You can use this to pull in more lines in a for
loop:
with open("textfile.txt",'r') as txt_file:
for line in txt_file:
line = line.strip()
if line.startswith('testings'):
# expect two more lines, response and time
response_line = next(txt_file, '')
if not response_line.startswith('response'):
# not a valid block, scan forward to the next testings
continue
time_line = next(txt_file, '')
if not time_line.startswith('time'):
# not a valid block, scan forward to the next testings
continue
# valid block, we got our three elements
test.append(line)
response.append(response_line.strip())
time.append(time_line.strip())
So when a line starting with testings
is found, the code pulls in the next line. If that line starts with response
, another line is pulled in. If that line starts with time
, then all three lines are appended to your data structures. If neither of those two conditions are met, the the outer for
loop is continued and reading the file continues until another testings
line is found.
The added bonus is that the file is never read into memory in one go. File buffering keeps this efficient, but otherwise you never need more memory than is needed for the final set of lists (valid data), and the three lines currently being tested.
Side note: I'd strongly recommend you do not use three separate lists of equal length. You could just use a single list with tuples:
test_data = []
# ... in the loop ...
test_data.append((line, response_line.strip(), time_line.strip()))
and then use that single list to keep each triplet of information together. You can even use a named tuple:
from collections import namedtuple
TestEntry = namedtuple('TestEntry', 'test response time')
# ... in the loop
test_data.append(TestEntry(line, response_line.strip(), time_line.strip()))

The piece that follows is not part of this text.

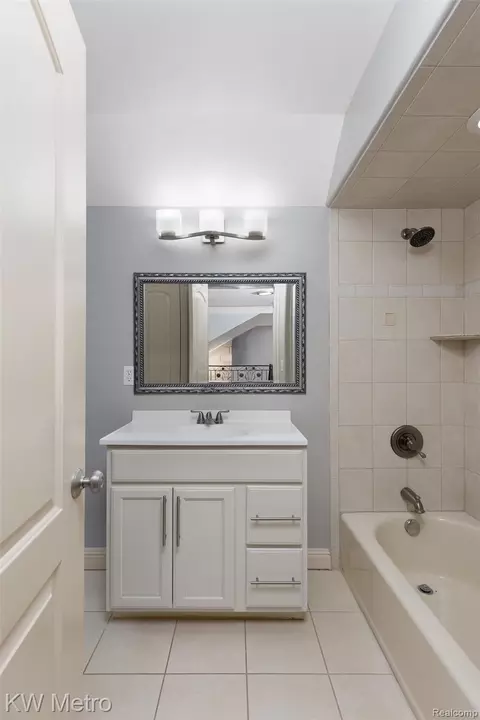 Bath - 65884 Windrose Ct, Ray, MI 48096 photo 10 of 12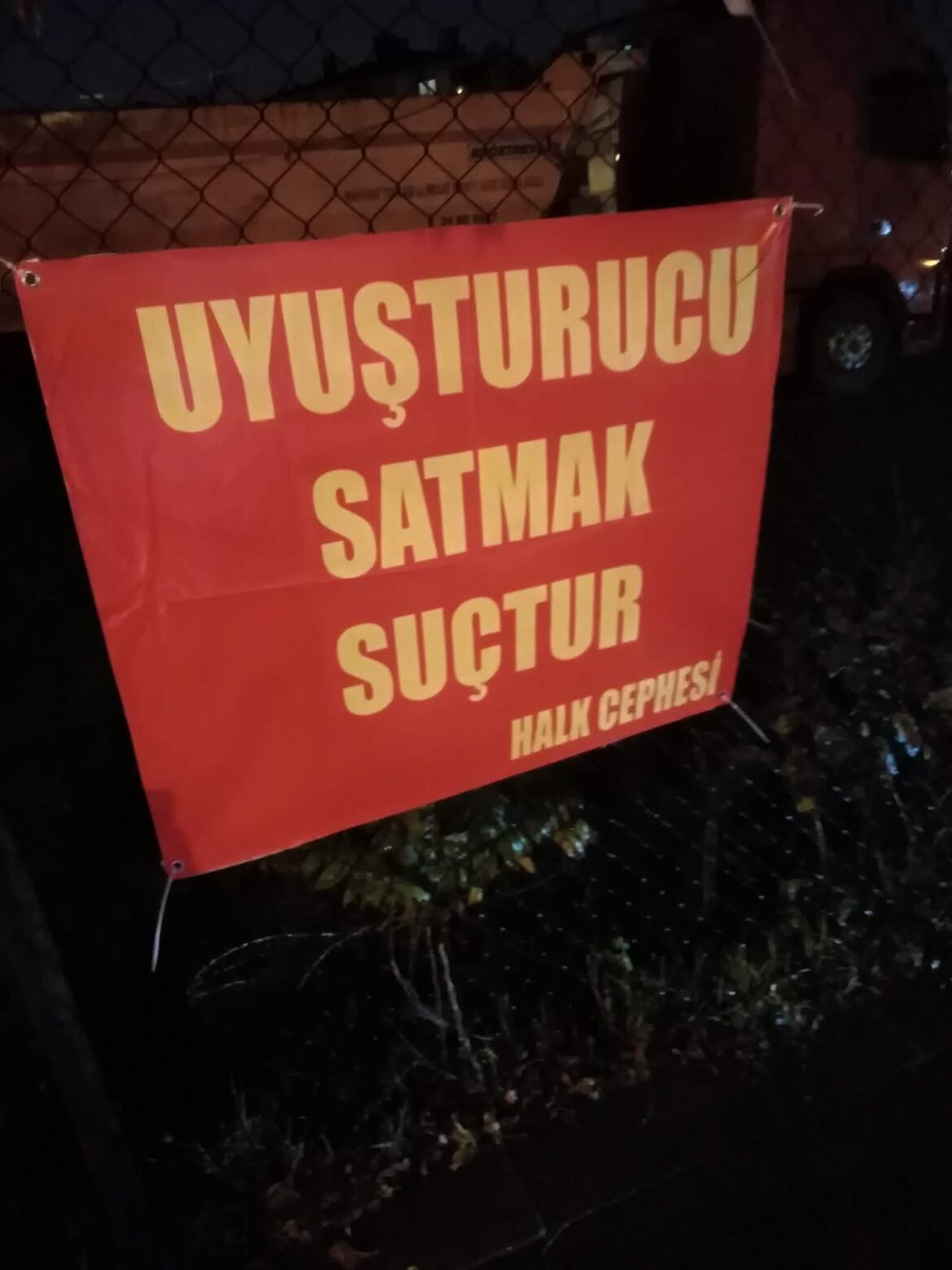 Bahçelievler Halk Cephesi Uyuşturucuya Karşı Pankart Astı - Image 1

at which point each entry in the test_data
list is an object with test
, response
and time
attributes:
for entry in test_data:
print(entry.test, entry.response, entry.time)
Upvotes: 2
Reputation: 1747
From the answer here
from itertools import zip_longest
def grouper(iterable, n, fillvalue=None):
"Collect data into fixed-length chunks or blocks"

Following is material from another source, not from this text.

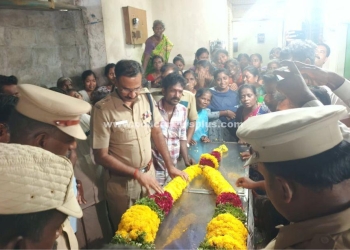 பெண் காவலர் உடலுக்கு அஞ்சலி செலுத்திய எஸ்.பி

# grouper('ABCDEFG', 3, 'x') --> ABC DEF Gxx"
args = [iter(iterable)] * n
return zip_longest(*args, fillvalue=fillvalue)
with open("textfile.txt",'r') as txt_file:
for batch in grouper(txt.readlines, 3):
if ("testings") in batch[0]:
test.append(line.strip())
else:
test.append('error')
if ("response") in batch[1]:
response.append(line.strip())
else:
response.append('error')
if ("time") in batch[2]:
time.append(line.strip())
else:
time.append('error')
This assumes there will always be the lines in the same order, and that the file is always organised in batches of three lines, even if that is just a blank line. Since it actually looks like your input file has a blank line between each group of 3 you may need to change grouper to read batches of 4.
Upvotes: 0